Essentially his nation's Test wicketkeeper in waiting, Adam Gilchrist is one of Australia's most exciting young players

John Polack
30-Nov-1998
Essentially his nation's Test wicketkeeper in waiting, Adam Gilchrist is one of Australia's most exciting young players. Originally from New South Wales, he made his Sheffield Shield debut as a specialist batsman in 1992-93 but relocated within two summers when it became obvious that his desire to become a first-class wicketkeeper would not be realised in his home State. Starved of opportunities (and frustrated by his inability to convince the New South Wales' selection panel that he was a superior wicketkeeper to the incumbent, Phil Emery), he accordingly moved to Western Australia, where he quickly displaced another highly regarded former international player in Tim Zoehrer.
Since that time, he has deservedly acquired a name for himself as an enterprising player who can always be relied upon to make a valuable contribution to his team's fortunes. Behind the stumps, he is reliable, enthusiastic and athletic, although it should be said that he generally appears more comfortable keeping to faster bowlers than to spinners. As a batsman, his penchant for playing attacking shots and for punishing loose bowling also makes him a particularly enjoyable player to watch. Whilst his most devastating shot is the cut, he possesses a wide variety of strokes and his penchant for powering the ball square of the wicket is accompanied by an equally adroit capacity to drive the ball fluently through the arc between mid-off and mid-on.
Although his elevation to national honours was not without controversy (as it was made at the expense of the ever-popular Ian Healy), such has been the extent of Gilchrist's progress since moving to Western Australia that he has become a fixture in Australia's one-day international side - as both a 'keeper and dashing opening batsman - over recent seasons.
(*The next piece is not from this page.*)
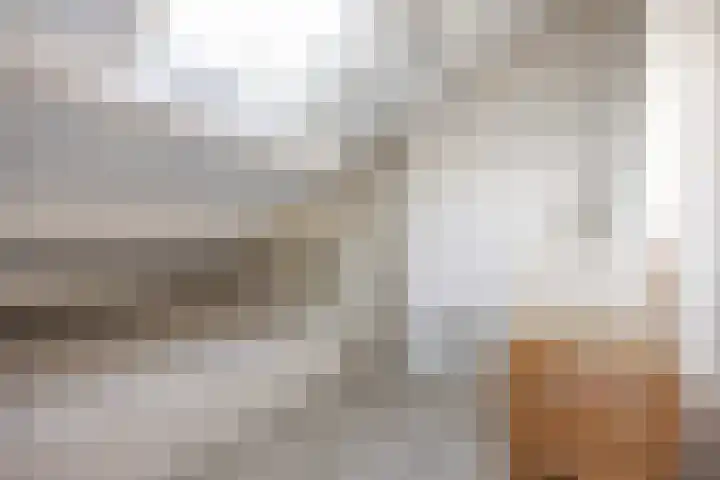 Salvialaan 4 Winsum thumbnail 38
Indeed, one needs to look no further than the three brilliant ODI centuries that he has already scored during 1998 (a measured 100 against South Africa in Sydney in January, a blazing 118 off 117 balls against New Zealand at Lancaster Park in February, and a superb 103 which saw him anchor Australia's successful pursuit of a mammoth total of 8/315 set by Pakistan in Lahore in November) to understand that he is an excellent player whose stature in the game will surely only grow when he is afforded his rightful chance to succeed Healy as Australia's Test gloveman.